The task: The expected output is every line of the data exactly as shown, minus the images.
..........
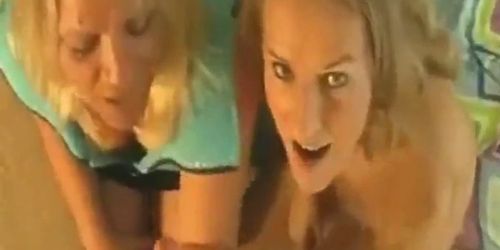 Two blonde housewives share a lad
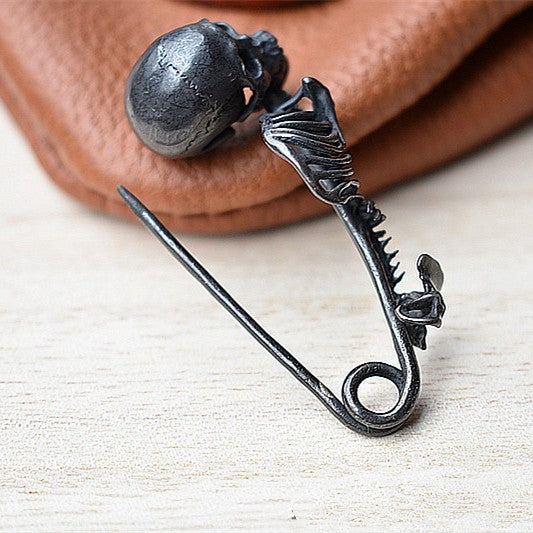 Decorative brooch with skull and fish design on a wooden surface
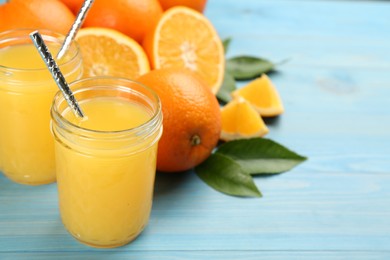 Photo of Delicious orange juice and fresh fruits on light blue wooden table. Space for text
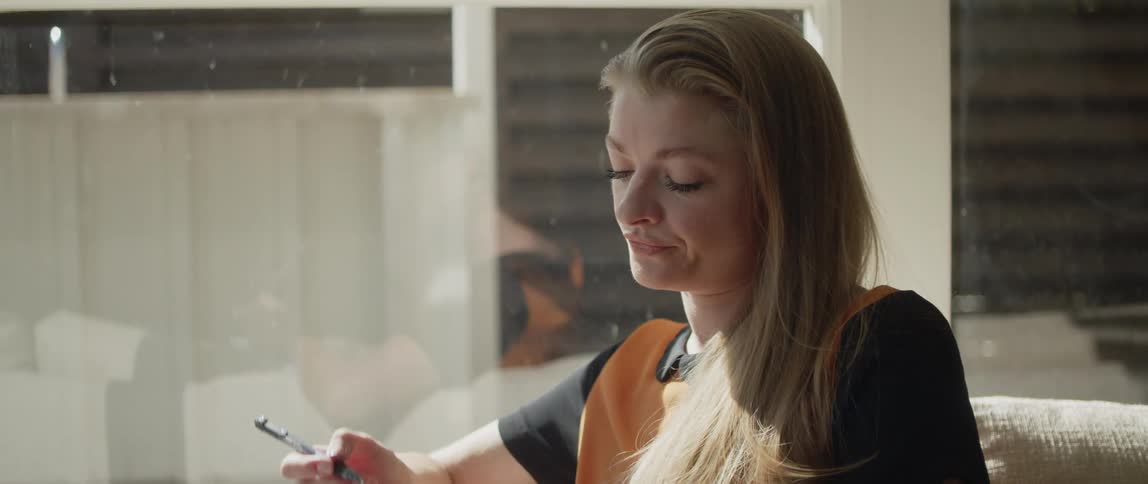 Young relaxed woman sitting on a couch at home writes on a notepad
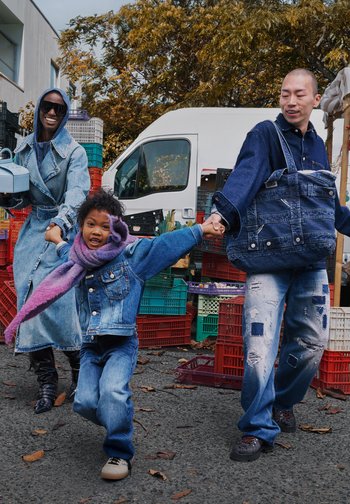 Three people outdoors in denim outfits: a long denim coat, a two-tone denim jacket with a purple scarf, and a large denim bag. Colorful crates in background.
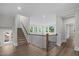 Spacious second floor hallway with a staircase and many windows for natural light at 248 Ashford Dr, Pittsboro, NC 27312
..........
Final answer:
 Two blonde housewives share a lad
 Decorative brooch with skull and fish design on a wooden surface
 Photo of Delicious orange juice and fresh fruits on light blue wooden table. Space for text
 Young relaxed woman sitting on a couch at home writes on a notepad
 Three people outdoors in denim outfits: a long denim coat, a two-tone denim jacket with a purple scarf, and a large denim bag. Colorful crates in background.
 Spacious second floor hallway with a staircase and many windows for natural light at 248 Ashford Dr, Pittsboro, NC 27312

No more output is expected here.